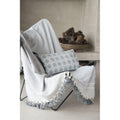 Stockholm Chevron Pompom Plaid - Pearl Gray - Febronie -The Bradery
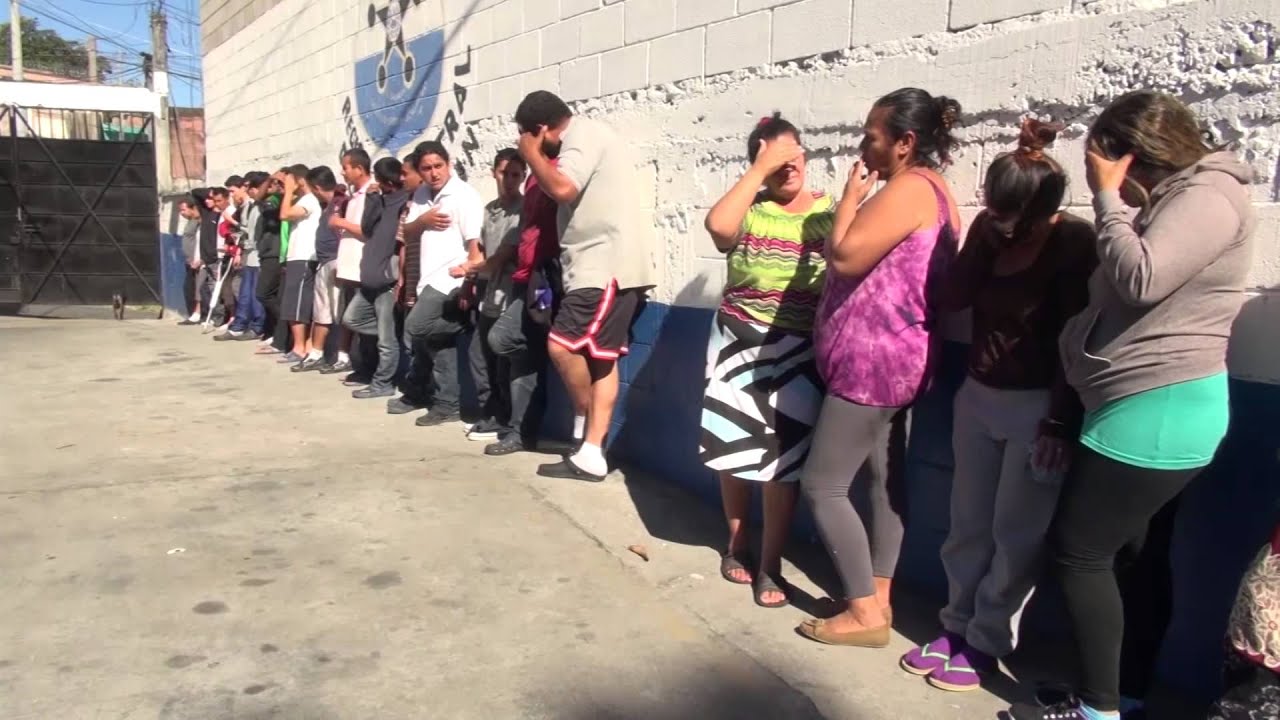 Presentación de resultado de operativo en Cuscatlán.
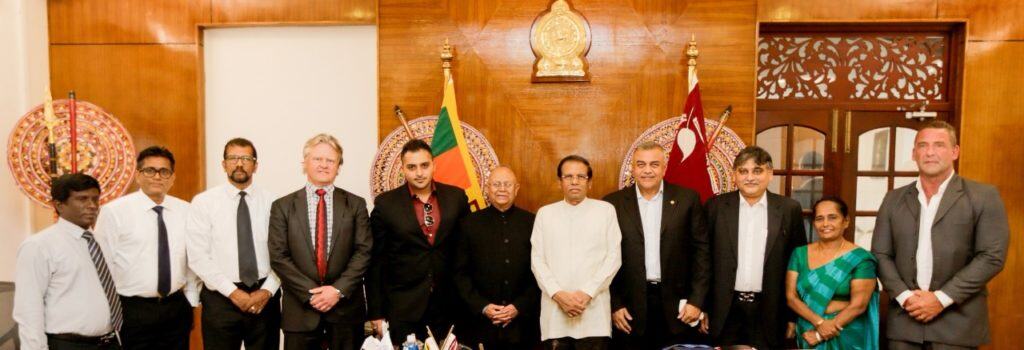 Devan and srilanka president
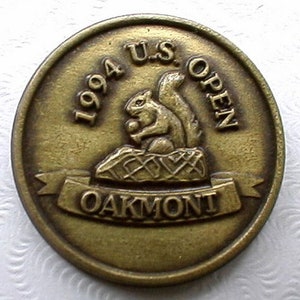 Rare bronze golf ball marker for the 1994 US Open Golf Championship at the Oakmont Country Golf Club USA  A great birthday gift 30 year old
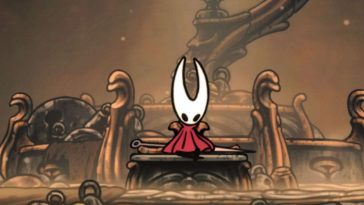 screenshot di hk silksong con hornet seduta sulla panchina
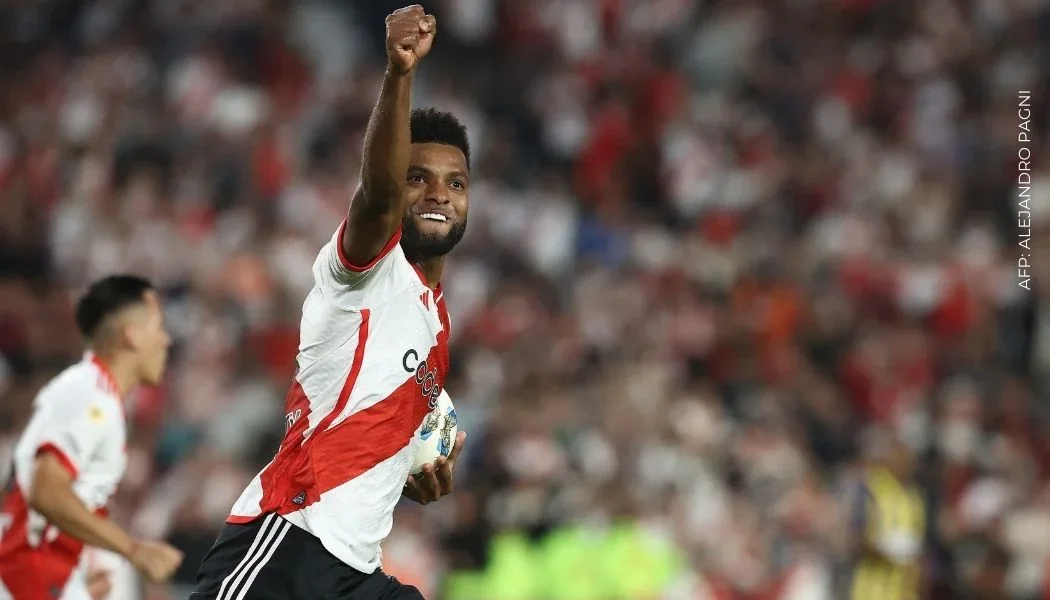 Revive el doblete de Miguel Borja con River Plate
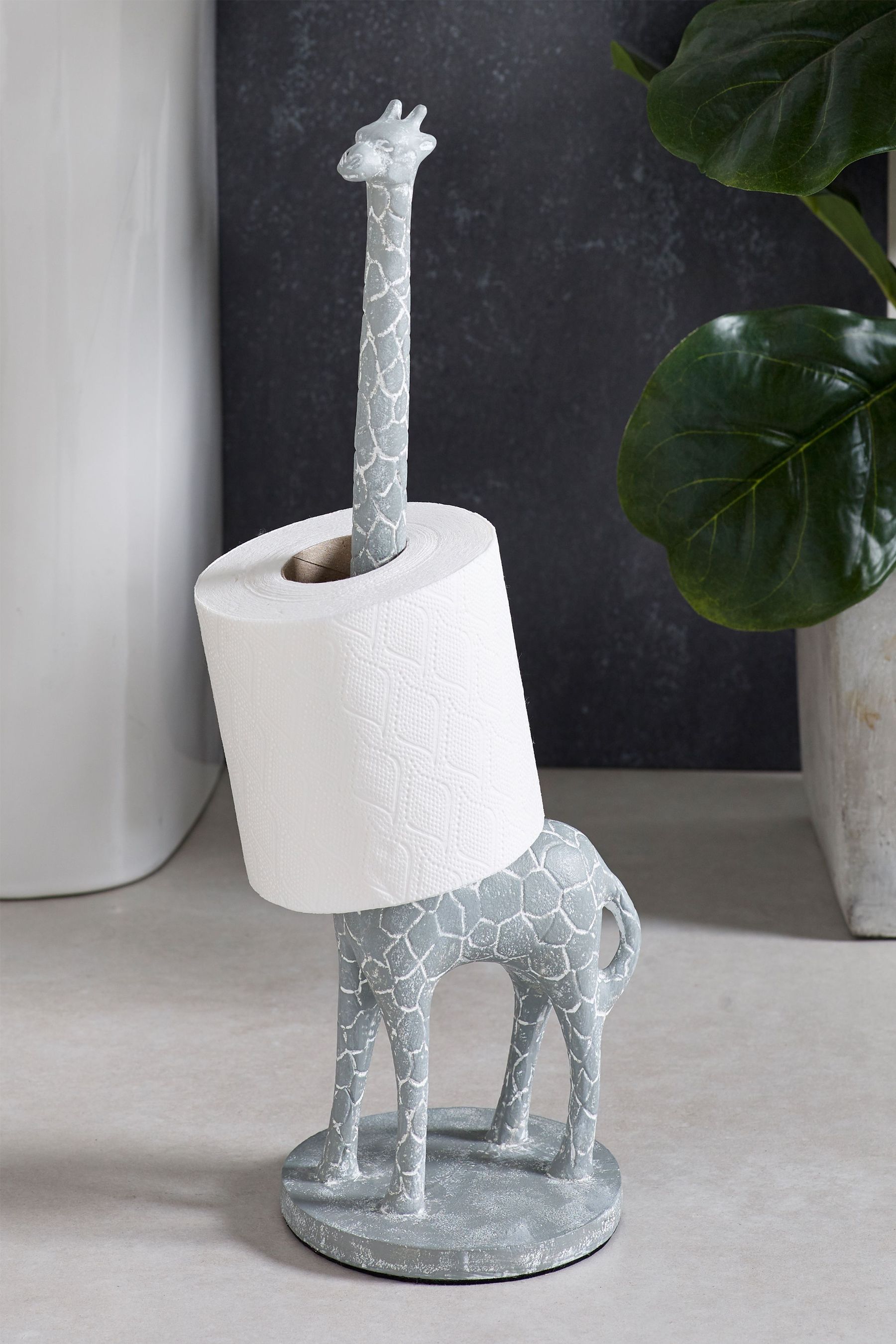 Buy Grey Giraffe Toilet Roll And Kitchen Roll Holder from Next United Arab Emirates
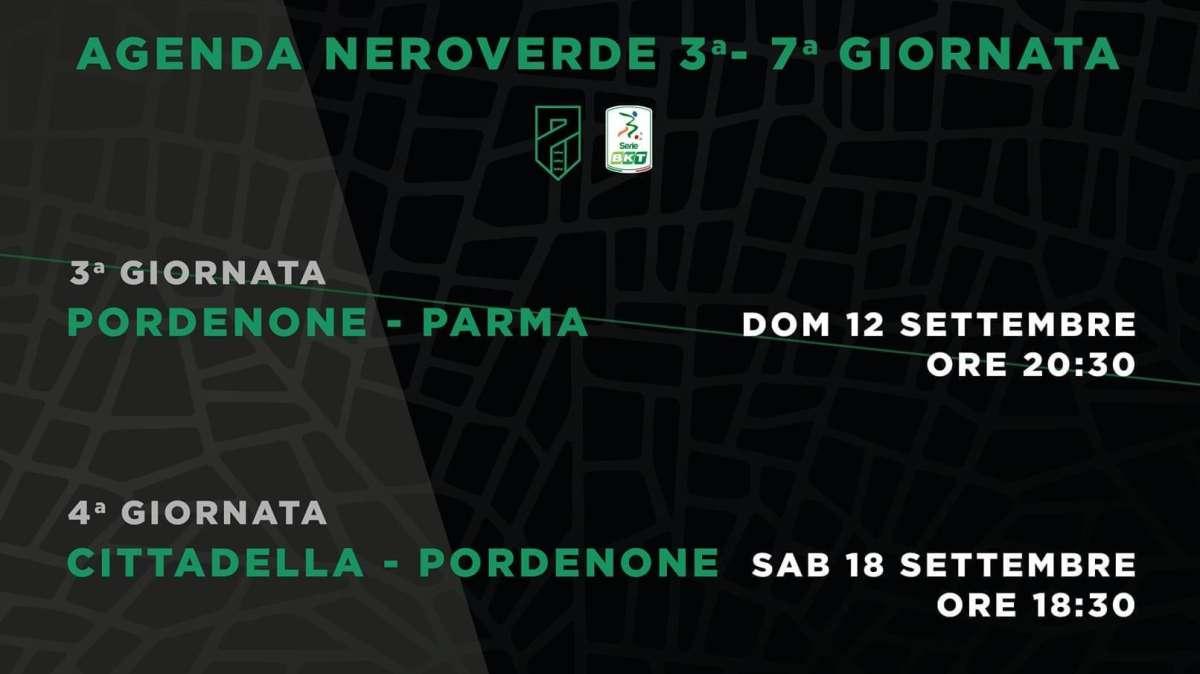 Pordenone Calcio: programma e orari gare dalla 4ª alla 7ª giornata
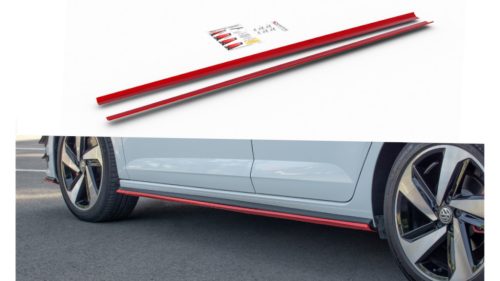Diffuser Volkswagen Polo VI GTI Side Skirts Gloss Black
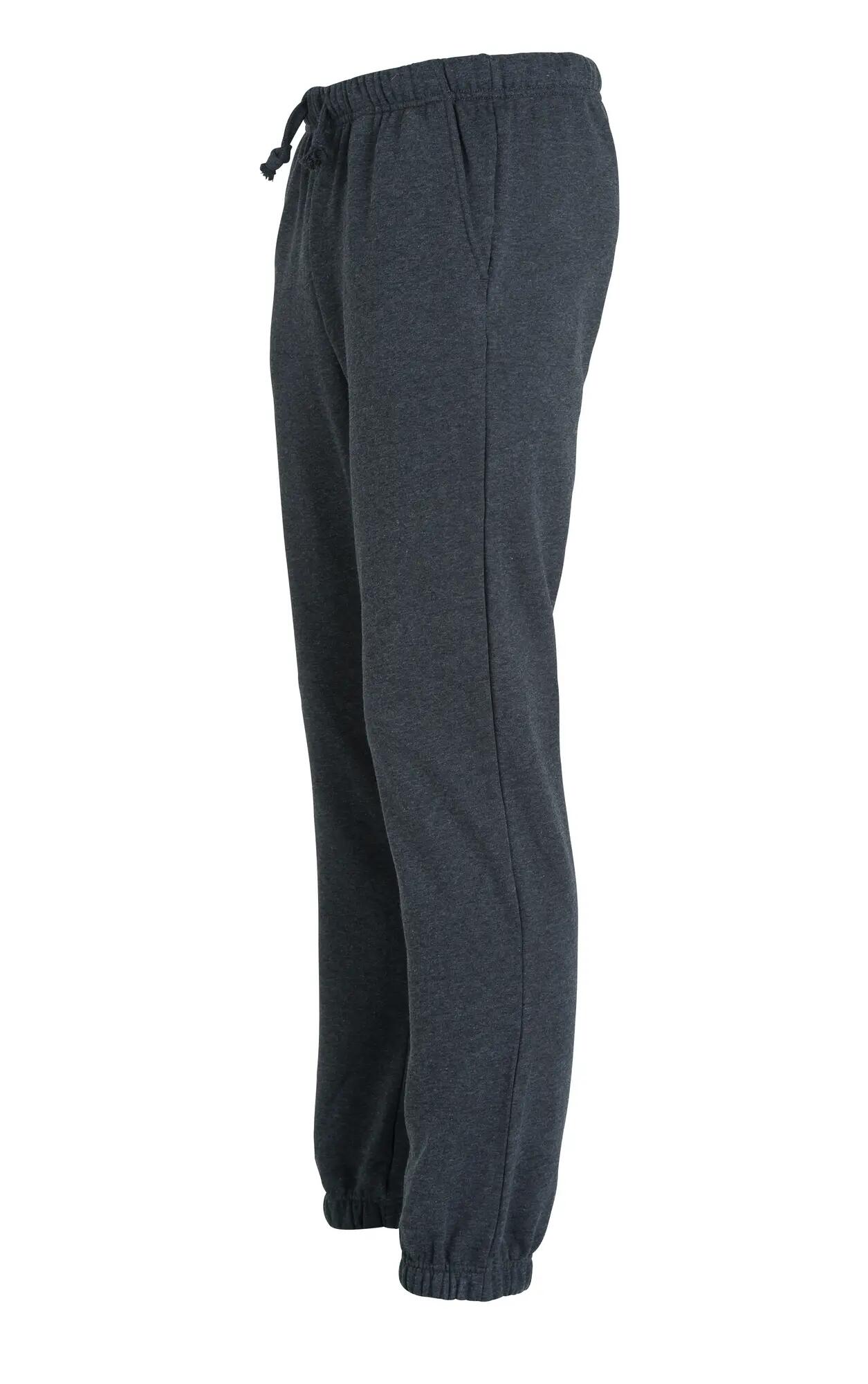 clique Basic Pants – spodnie unisex z dresu, anthracite melange 3/4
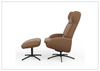 Stella Recliner Chair and Ottoman | Rocking Glide Swivel Base | Fjords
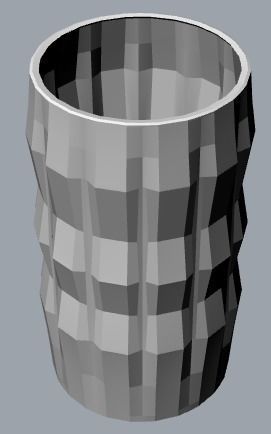 Vase 3D print model cup with wavy pattern 3D print model_4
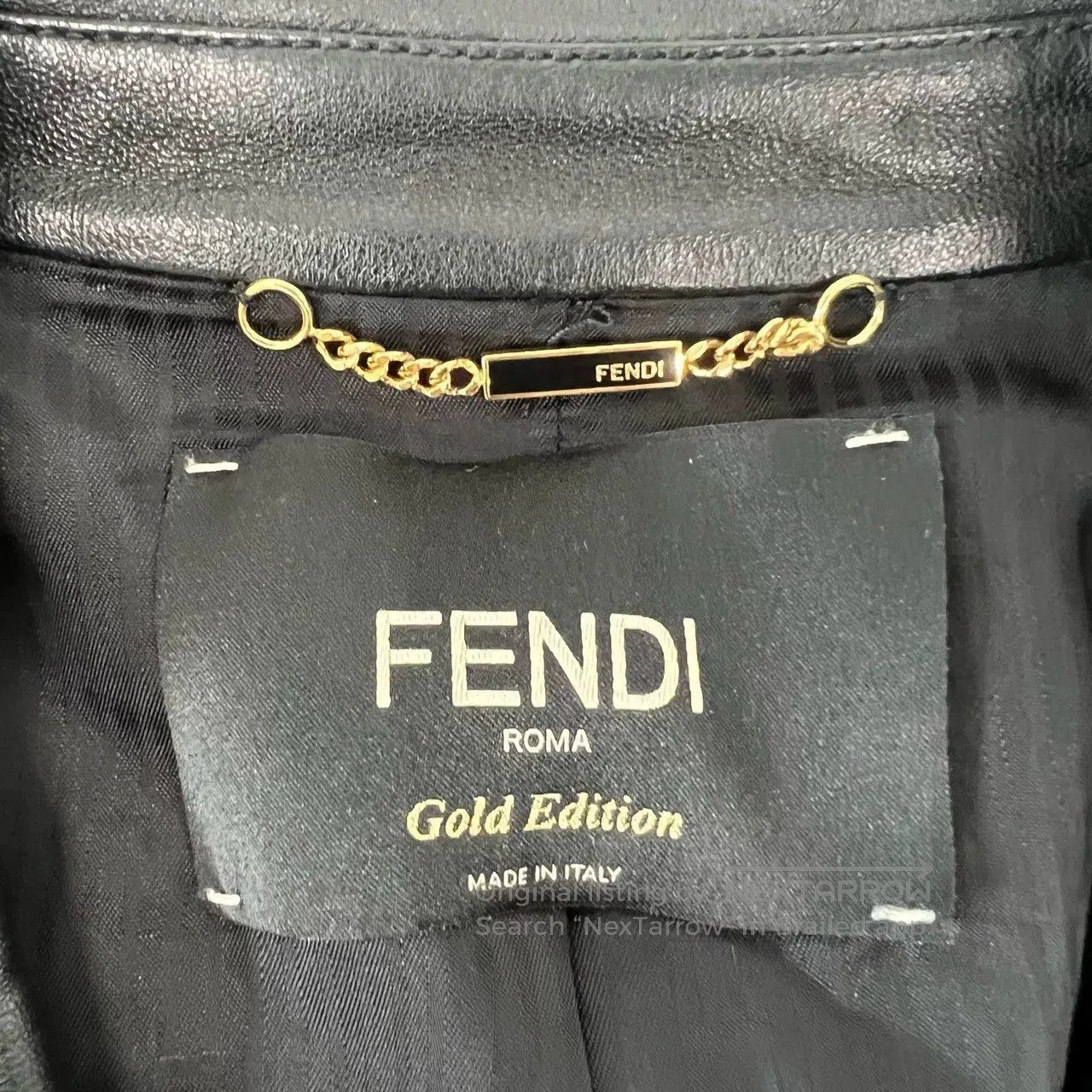 Fendi unique fendi studded leather biker jacket. Size US M / EU 48-50 / 2 - 5 Thumbnail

- - - -

Activity → What you write should match the entries exactly, except that the pictures are dropped.

Final answer →
 Stockholm Chevron Pompom Plaid - Pearl Gray - Febronie -The Bradery
 Presentación de resultado de operativo en Cuscatlán.
 Devan and srilanka president
 Rare bronze golf ball marker for the 1994 US Open Golf Championship at the Oakmont Country Golf Club USA  A great birthday gift 30 year old
 screenshot di hk silksong con hornet seduta sulla panchina
 Revive el doblete de Miguel Borja con River Plate
 Buy Grey Giraffe Toilet Roll And Kitchen Roll Holder from Next United Arab Emirates
 Pordenone Calcio: programma e orari gare dalla 4ª alla 7ª giornata
Diffuser Volkswagen Polo VI GTI Side Skirts Gloss Black
 clique Basic Pants – spodnie unisex z dresu, anthracite melange 3/4
 Stella Recliner Chair and Ottoman | Rocking Glide Swivel Base | Fjords
 Vase 3D print model cup with wavy pattern 3D print model_4
 Fendi unique fendi studded leather biker jacket. Size US M / EU 48-50 / 2 - 5 Thumbnail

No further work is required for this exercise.